A pipeline can fail for many reasons, but the most common culprits are data delay and data corruption. When an outage occurs, finding and repairing the issue quickly will greatly reduce its impact. At Google, when an outage or SLO violation occurs, we track metrics for MTTD and MTTR. Tracking these metrics indicates how effective we are at detecting and repairing an issue. In the postmortem that follows any outage at Google, we analyze the cause of the outage to elicit any patterns and address sources of operational toil.

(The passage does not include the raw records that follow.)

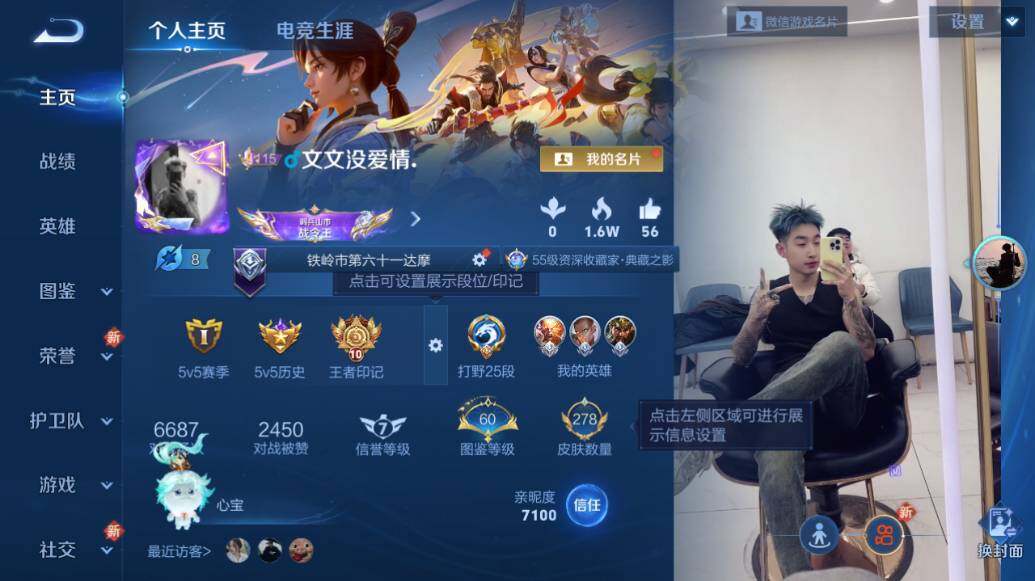 WZLX3376425王者荣耀账号详情图6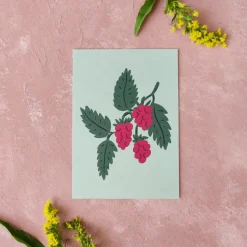 Pikku paperi Vadelma postikortti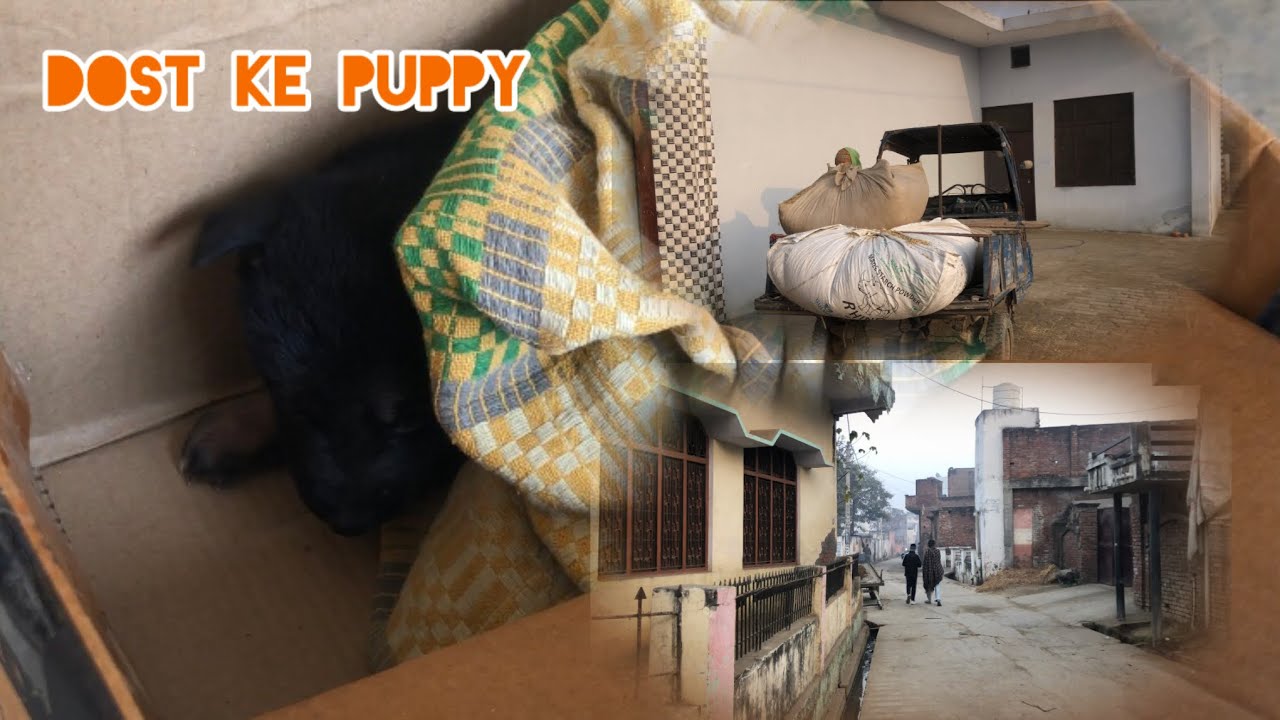 Dost ke doggy ke puppy ek ko dene gye 👍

This section describes some common failure modes, methods to effectively respond to pipeline failures, and strategies to help you prevent future pipeline failures.

Potential Failure Modes

Delayed data

A pipeline can fail if its input or output is delayed. Without the proper precautions, a downstream job may start running even though it doesn’t have the necessary data. Stale data is almost always better than incorrect data. If your pipeline processes incomplete or corrupt data, errors will propagate downstream. Restoring or reprocessing bad data takes time and can prolong an outage. Instead, if your pipeline stalls, waits for data, and then resumes once the data becomes available, the data remains high quality. Creating data dependencies that are respected by all stages is important.

Depending on the type of pipeline, the impact of delayed data can range from stale application data to stalled pipelines. In batch processing pipelines, each stage waits for its predecessor to finish before it begins. Streaming systems are more flexible: using event-time processing, such as Dataflow, a downstream stage can start a portion of work as soon as the corresponding upstream portion completes, rather than waiting for all portions to complete.

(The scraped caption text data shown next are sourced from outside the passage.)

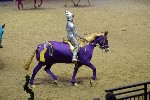 Quadrille - 00453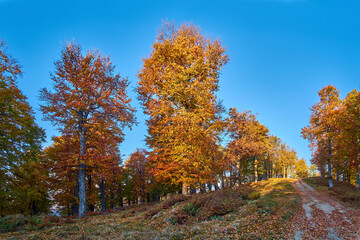 Fototapeta premium A sunlit path winds through a colorful autumn forest, with golden and red leaves glowing under a bright blue sky. The vibrant colors create a picturesque, serene scene.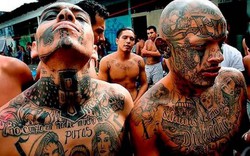Mafia Mexico - những kẻ máu lạnh nhất thế giới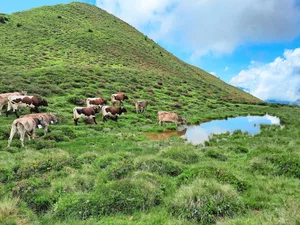 Für Alpneulinge empfiehlt es sich, sich Zeit zu nehmen bei der Alpauswahl und sich ein Bild vor Ort zu machen.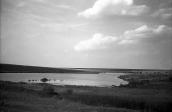 1981 р. Краєвид зі ставком біля…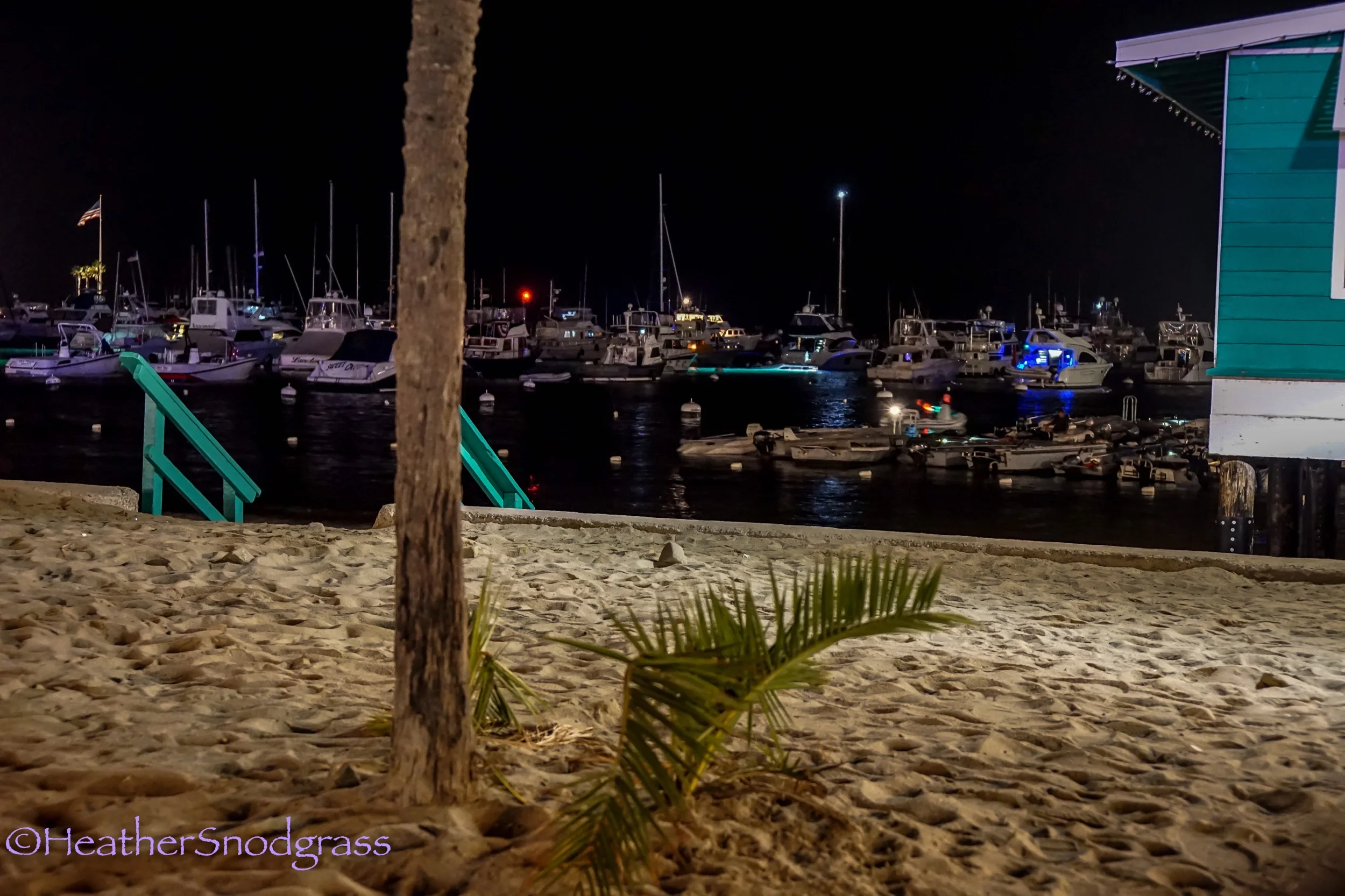 Beach and Marina at Night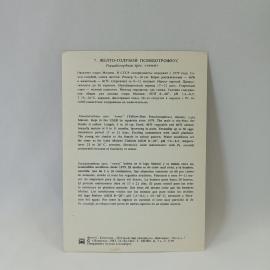 Картинка 2
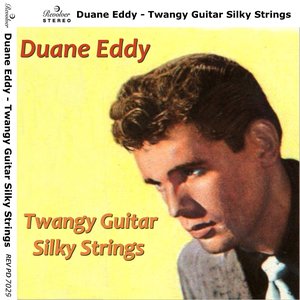 Twangy Guitar Silky Strings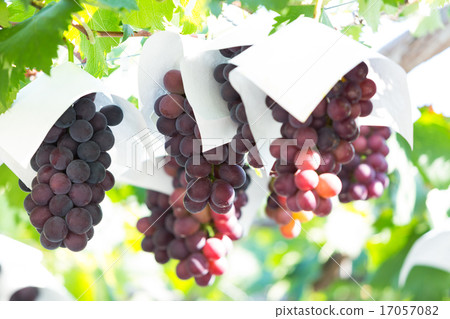 葡萄園 17057082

When an outage of this nature occurs, you will likely need to notify any dependent services. If the outage is user-visible, you may also have to notify your customers. When you’re debugging pipeline outages, it’s helpful to see the progress of current and past pipeline runs, and to have direct links to log files and a diagram of the flow of data. It’s also useful to be able to trace a unit of work through the system while analyzing its counters and statistics.

Corrupt data

If undetected, corrupt pipeline data (input and/or output) can cause user-facing issues. You can circumvent many user-facing issues by having tests that identify corrupt data in place, and using logic that alerts you to potential corruption. For example, pipeline systems can implement blocking policies and abuse/spam detection to automatically or manually filter out bad sources of data.

Corrupt data can have many causes: software bugs, data incompatibility, unavailable regions, configuration bugs, and so on. There are two main steps involved in fixing corrupt data:

  1. Mitigate the impact by preventing further corrupt data from entering the system.

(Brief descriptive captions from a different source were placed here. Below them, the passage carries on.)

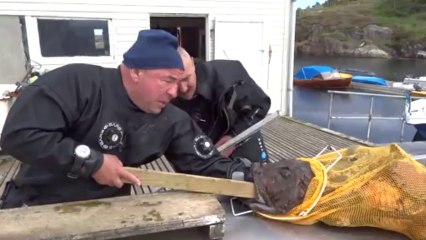 Sa main est piégée dans la bouche d'un poisson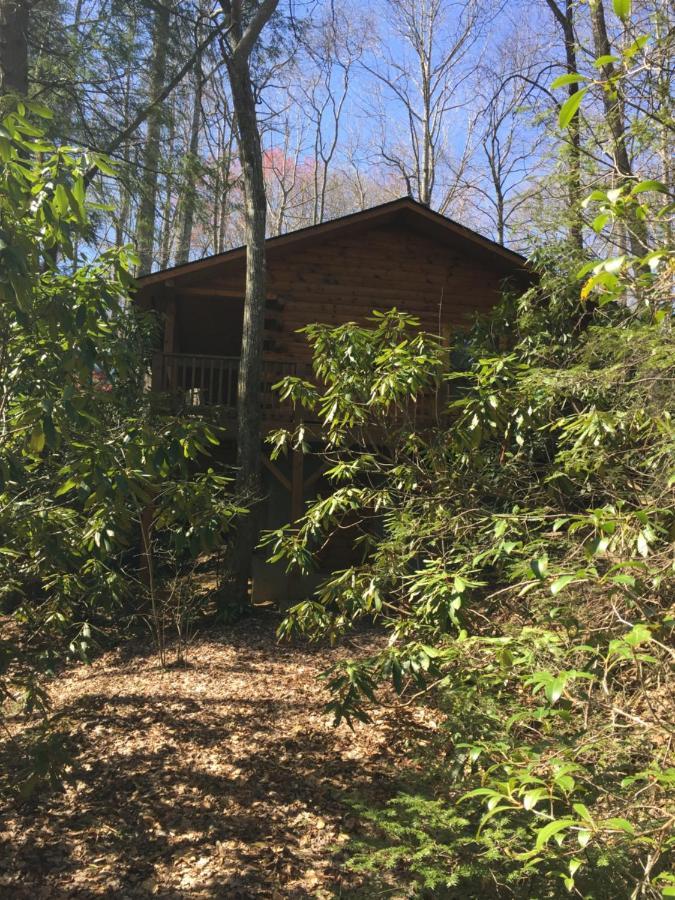 Misty Creek Log Cabins Maggie Valley Exterior foto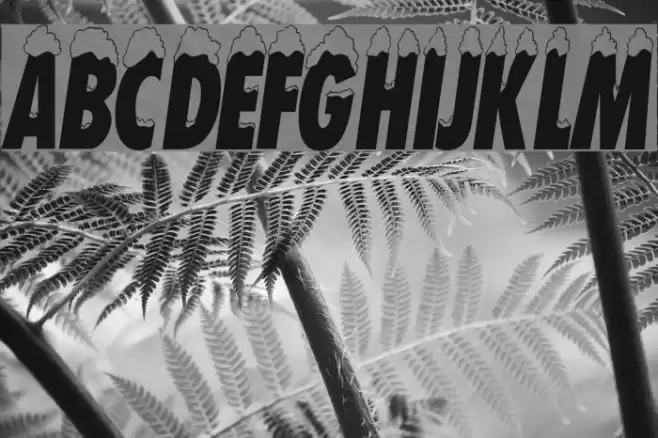 NeigeCondensed Шрифта examples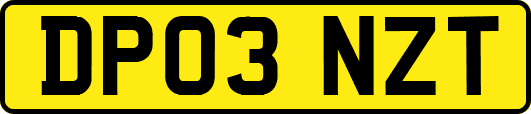 DP03NZT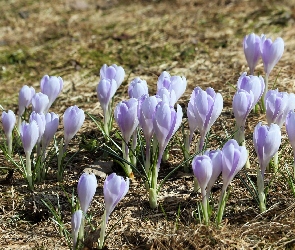 Liliowe, Pąki, Krokusy, Kwiaty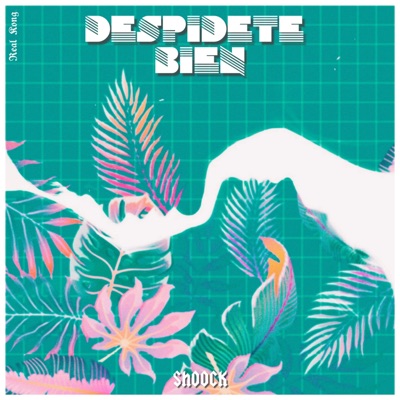 Despidete Bien - Single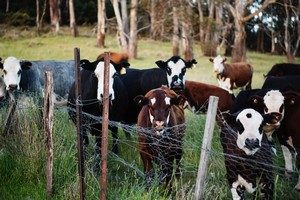 La foire de l'agriculture en 2022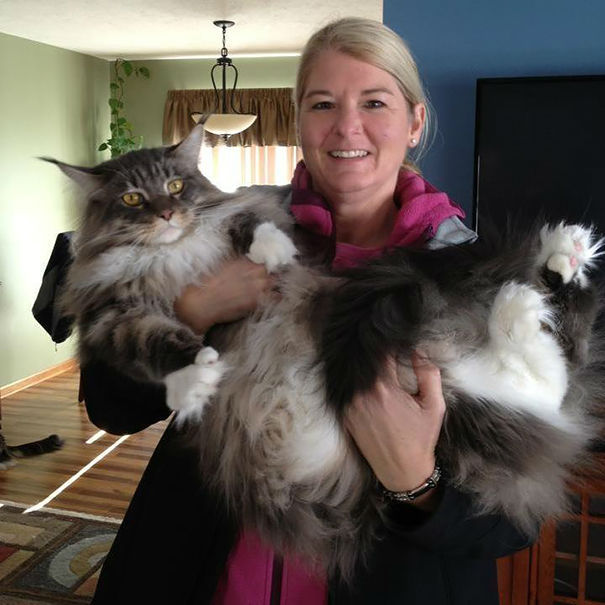 kittehkats:  My Cat Can Kick Your Dog’s Ass!   Seriously.  Amazing Maine Coon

  2. Restore your data from a previously known good version, or reprocess to repair the data.

If a single region is serving corrupt data, you may need to drain your serving jobs and/or data processing from that region. If a software or configuration bug is at fault, you may need to quickly roll back the relevant binary. Often, data corruption can cause windows of data that are incorrect and need to be reprocessed once the underlying issue has been fixed, such as fixing a software bug in a pipeline binary. To reduce the cost of reprocessing, consider selective reprocessing—read in and process only the user or account information impacted by the data corruption. Alternatively, you could persist some intermediate data that can serve as a checkpoint to avoid reprocessing a pipeline from end to end.

If the output of your pipeline is corrupt, downstream jobs may propagate the corrupt data or serving jobs may serve incorrect data. Even with the best testing, development, and release practices in place, a software or configuration bug can introduce data corruption. We recommend that you plan for this eventuality and have the ability to quickly reprocess and restore your data. Recovering from this kind of data corruption is labor-intensive and difficult to automate.

Potential Causes

Case Study: Spotify

by Igor Maravić

Spotify is the leading music streaming company in the world. Every day, tens of millions of people use Spotify to listen to their favorite songs, share music with their friends, and discover new artists.

This case study describes our event delivery system, which is responsible for reliably collecting instrumentation data generated from Spotify applications. The data produced by this system helps us to better understand our end users and to provide them with the right music at the right time.

Note

In this case study, a “customer” refers to the development teams within Spotify that use data from the event delivery system. “End user” refers to individuals that use the Spotify service to listen to music.

Event Delivery

We refer to end-user interactions as events. Every time a user listens to a song, clicks an ad, or follows a playlist, we record an event. Spotify captures and publishes hundreds of billions of events (of multiple types) to our servers daily. These events have many uses at Spotify, from A/B test analysis to showing play counts to powering personalized discovery playlists. Most importantly, we pay royalties to artists based on delivered events.6 It’s imperative that we have a reliable means of event storage and delivery.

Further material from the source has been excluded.